**EXERCISE PROMPT**
Take the lines from the one with "Más Linces en Andalucia" through the last line of the material below and write them out exactly, without any pictures.

---------- EXTRACTED RECORDS

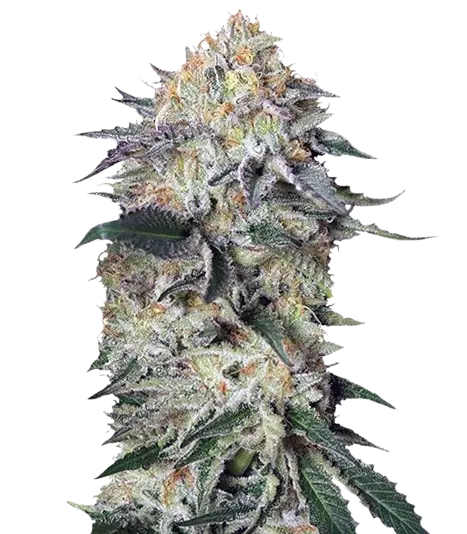 Lemon Garlic OG cannabis seeds packaging — Royal King Seeds Australia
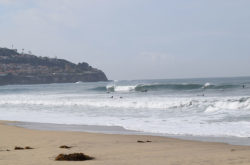 El Niño took a brief respite on Thursday and let Torrance Beach surfers enjoy some fun, shoulder high surf (Photo by South Bay Events).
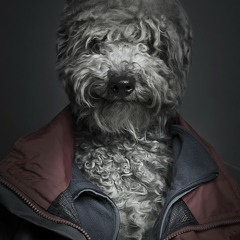 Under-Dogs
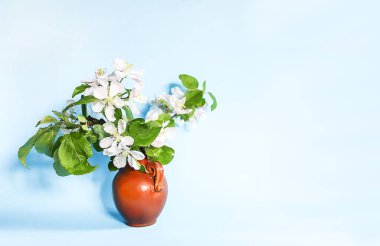 Yumuşak mavi arkaplanda seramik bir vazoda çiçek açan elma ağacının dalları..
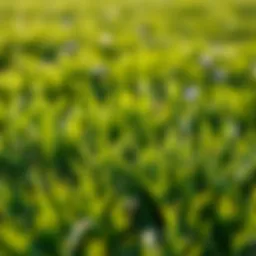 Vibrant Bermuda grass lawn showcasing healthy growth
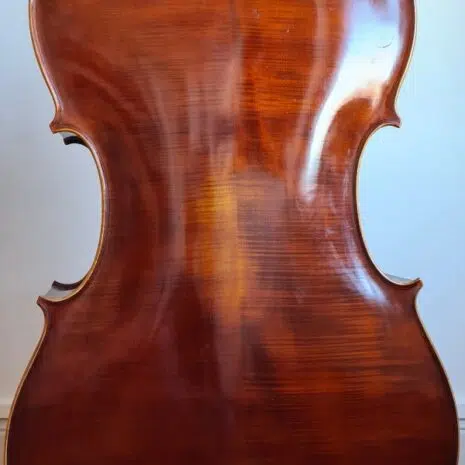 Contrebasse cinq cordes Ioan BUCUR fond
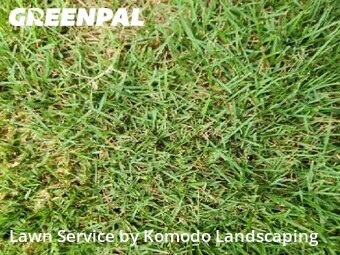 Lawn Cutting nearby Cumming, GA, 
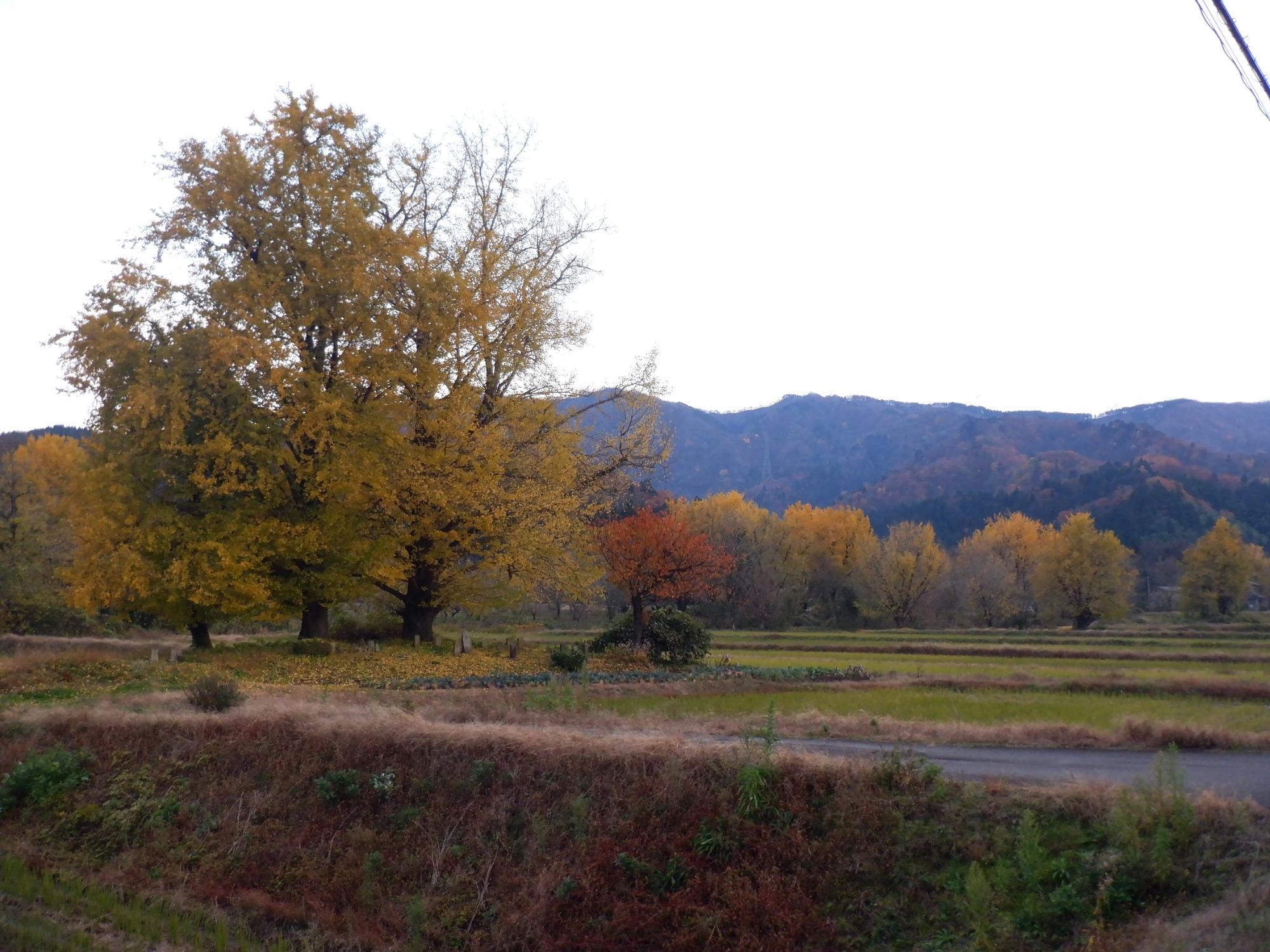 黄金の里の紅葉写真
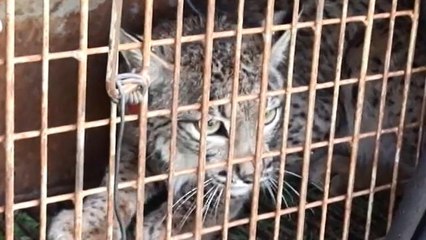 Más Linces en Andalucia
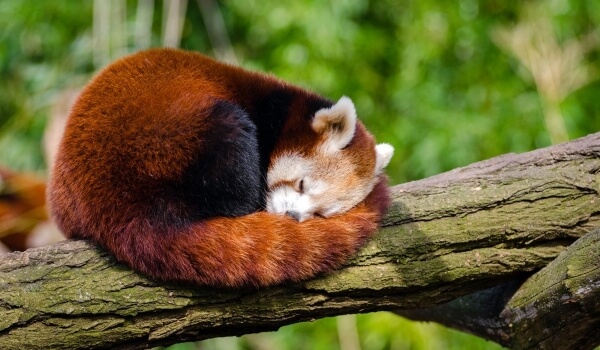 Foto: Rotes Buch des Kleinen Roten Pandas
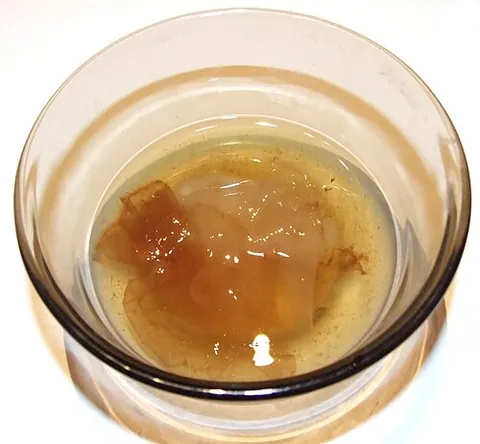 mother of vinegar: the mother (stringy, mucilaginous substance) that develops in, and helps develop, vinegar. When...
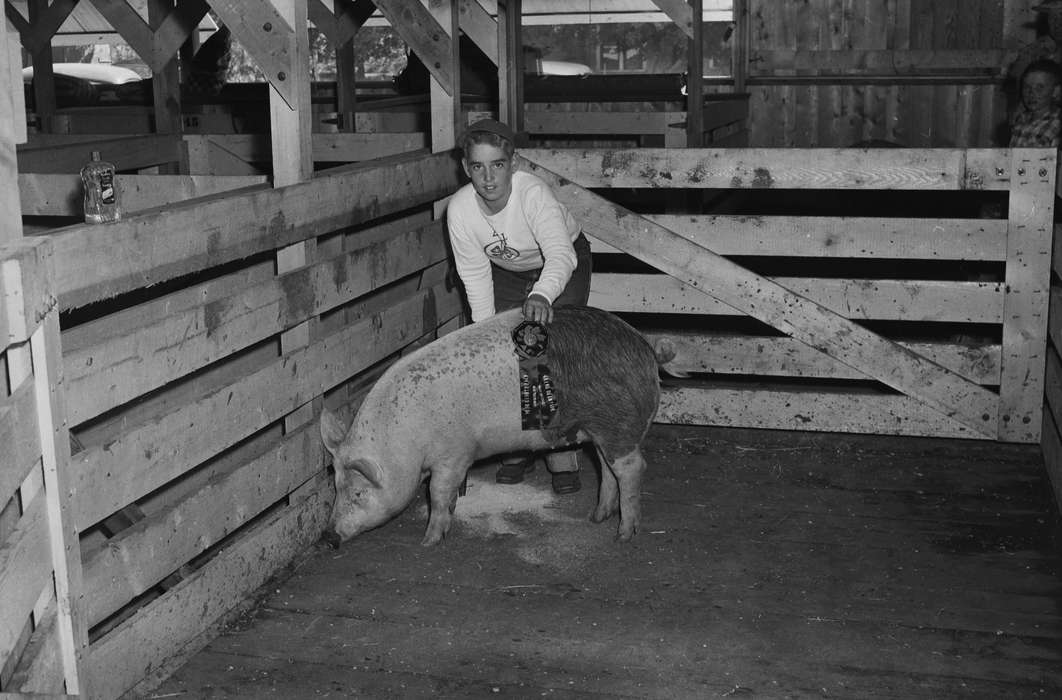 Portraits - Individual, Iowa, IA, United States, prize pig, Photos, historic, Coon Rapids, Fairs and Festivals, Farms, boy, history, Animals, ia, Coon Rapids Enterprise, pigpen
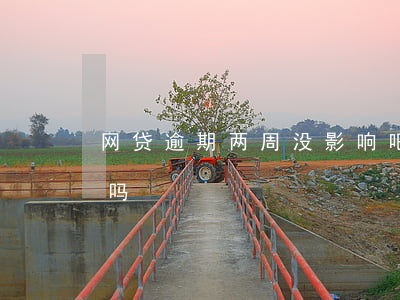 网贷逾期两周没影响吧(网贷迟还两天算逾期吗)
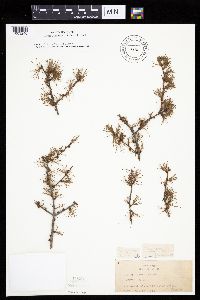 Larix laricina image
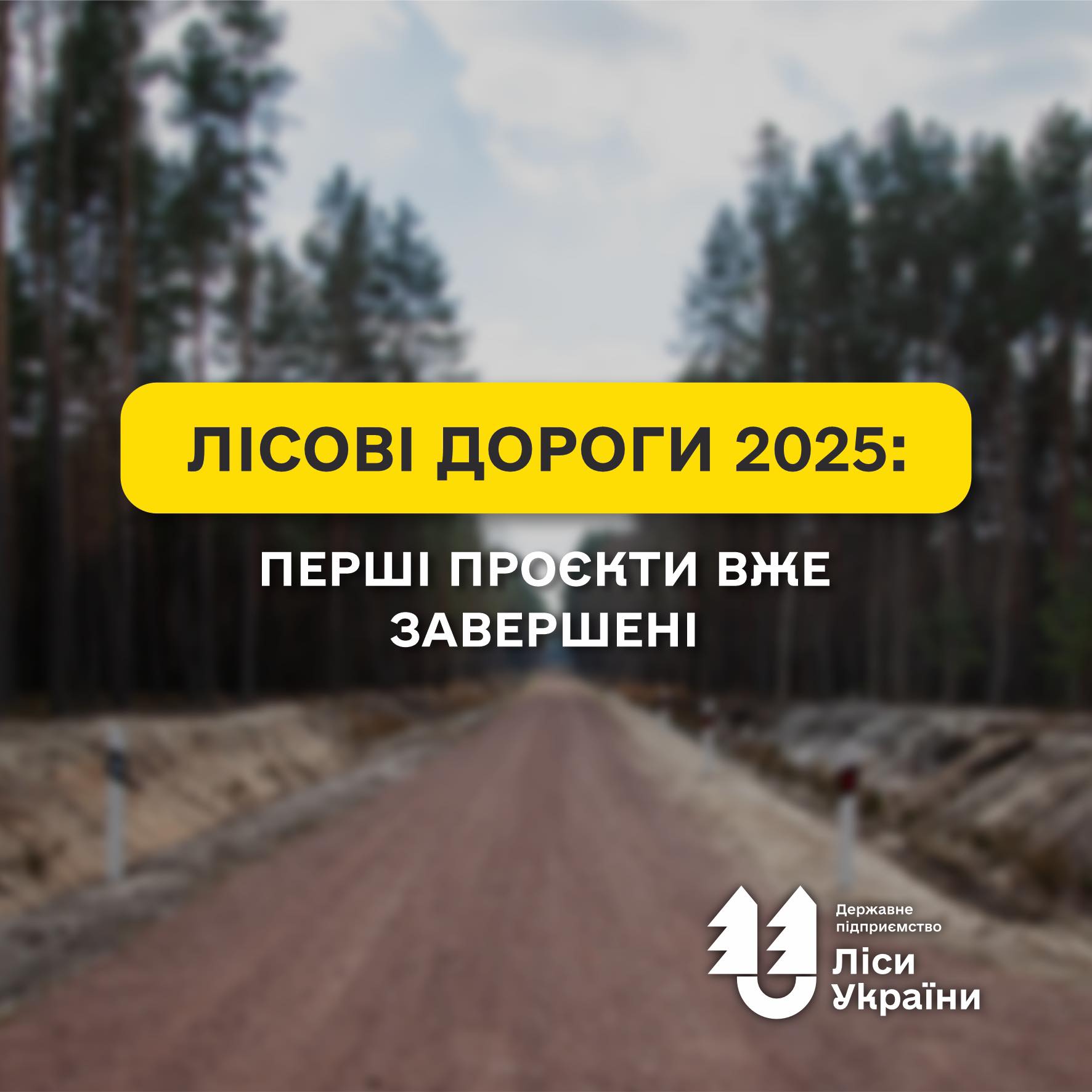 Forest Roads 2025: the first projects are already completed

--------------------

**TASK SOLUTION**
 Más Linces en Andalucia
 Foto: Rotes Buch des Kleinen Roten Pandas
 mother of vinegar: the mother (stringy, mucilaginous substance) that develops in, and helps develop, vinegar. When...
 Portraits - Individual, Iowa, IA, United States, prize pig, Photos, historic, Coon Rapids, Fairs and Festivals, Farms, boy, history, Animals, ia, Coon Rapids Enterprise, pigpen
 网贷逾期两周没影响吧(网贷迟还两天算逾期吗)
 Larix laricina image
 Forest Roads 2025: the first projects are already completed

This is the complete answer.